### ABOUT THIS TASK
Nothing but the lines from the one with "Juani Baños, Dolores" through the final line of the entries should appear in the answer, copied exactly and without pictures.
### DATA FOR THIS TASK
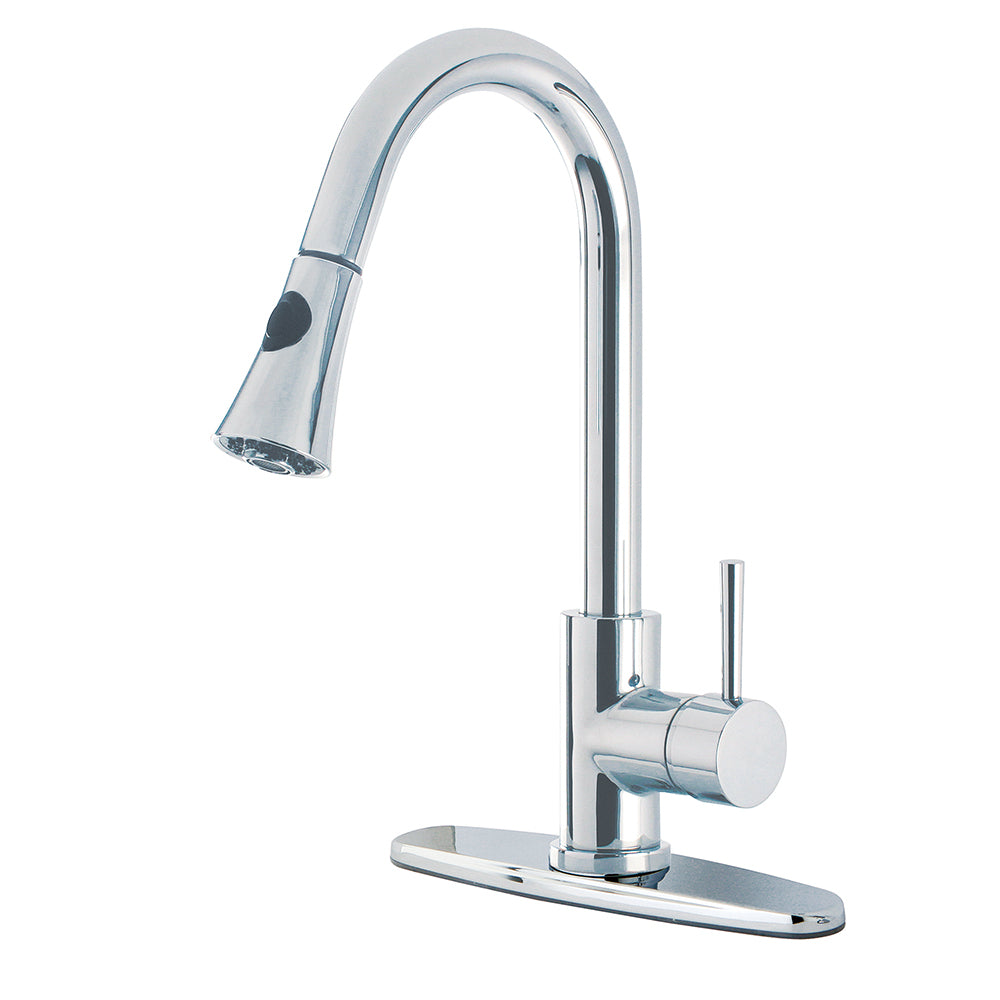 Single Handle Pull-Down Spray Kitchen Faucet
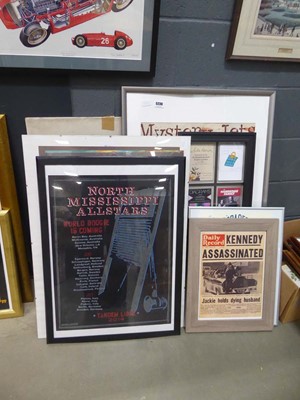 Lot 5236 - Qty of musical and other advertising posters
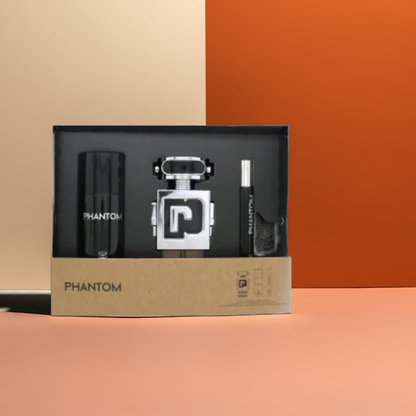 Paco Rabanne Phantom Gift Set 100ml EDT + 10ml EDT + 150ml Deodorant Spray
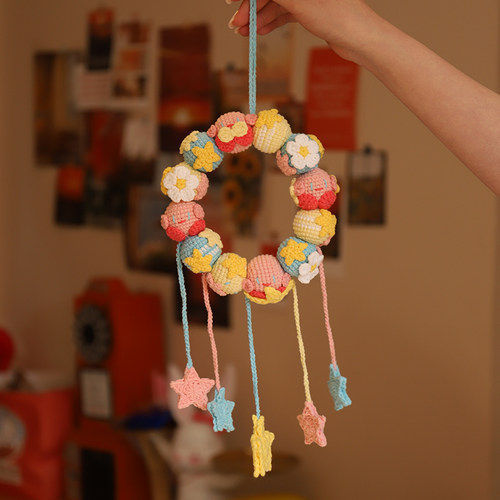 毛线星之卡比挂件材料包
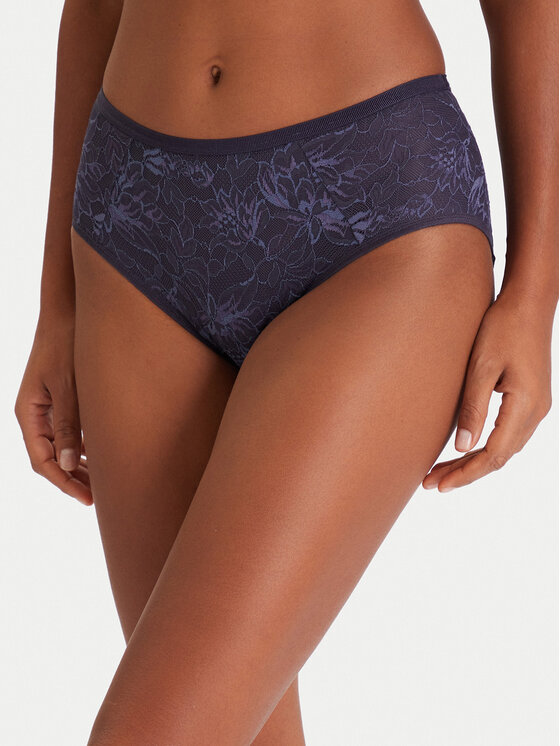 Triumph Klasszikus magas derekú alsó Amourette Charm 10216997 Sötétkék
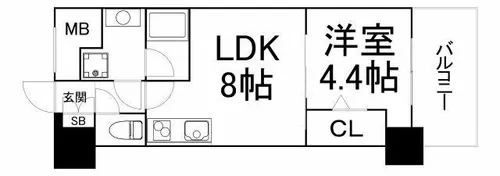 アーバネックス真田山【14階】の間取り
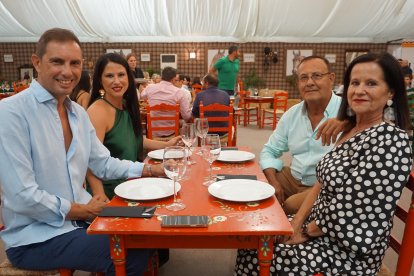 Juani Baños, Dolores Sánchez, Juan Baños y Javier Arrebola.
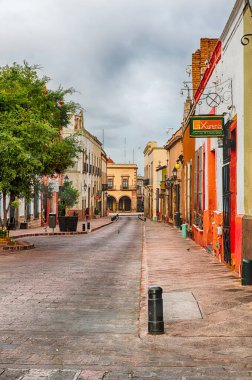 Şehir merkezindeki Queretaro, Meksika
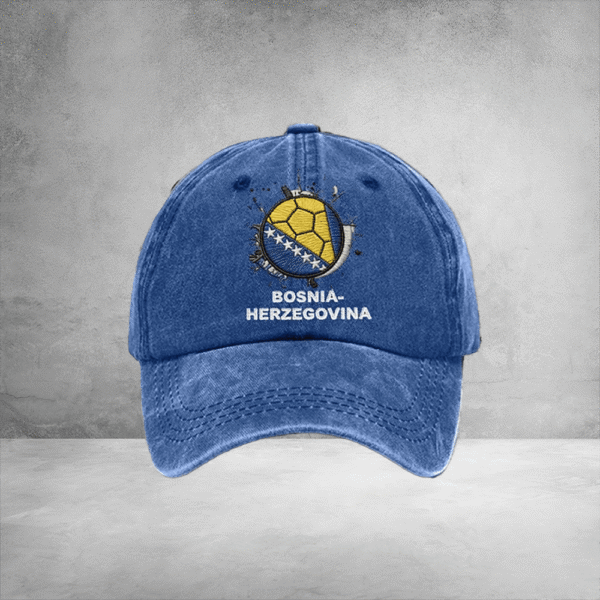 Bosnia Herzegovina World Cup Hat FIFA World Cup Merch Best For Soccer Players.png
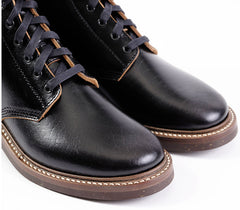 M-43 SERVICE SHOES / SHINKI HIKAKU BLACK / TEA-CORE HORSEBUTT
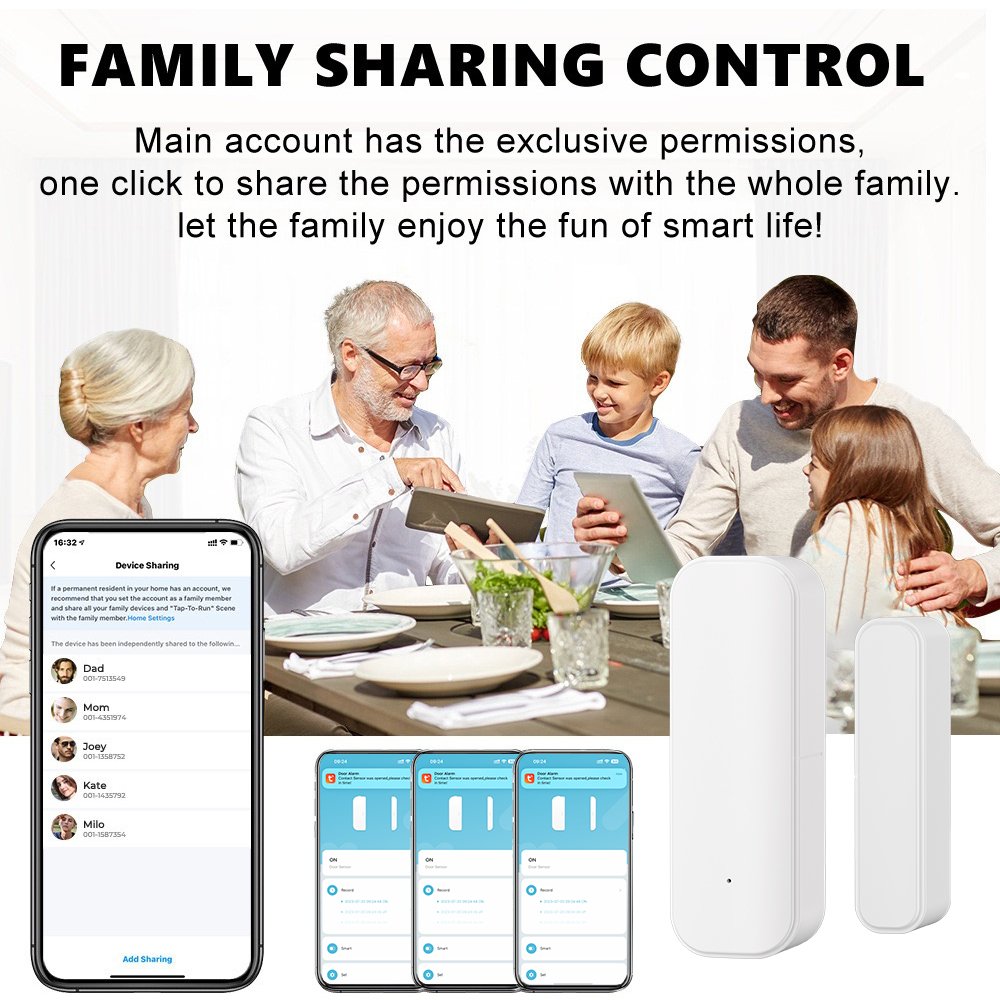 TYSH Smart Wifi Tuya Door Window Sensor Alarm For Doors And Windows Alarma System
######
### COMPLETED EXERCISE
 Juani Baños, Dolores Sánchez, Juan Baños y Javier Arrebola.
 Şehir merkezindeki Queretaro, Meksika
 Bosnia Herzegovina World Cup Hat FIFA World Cup Merch Best For Soccer Players.png
 M-43 SERVICE SHOES / SHINKI HIKAKU BLACK / TEA-CORE HORSEBUTT
 TYSH Smart Wifi Tuya Door Window Sensor Alarm For Doors And Windows Alarma System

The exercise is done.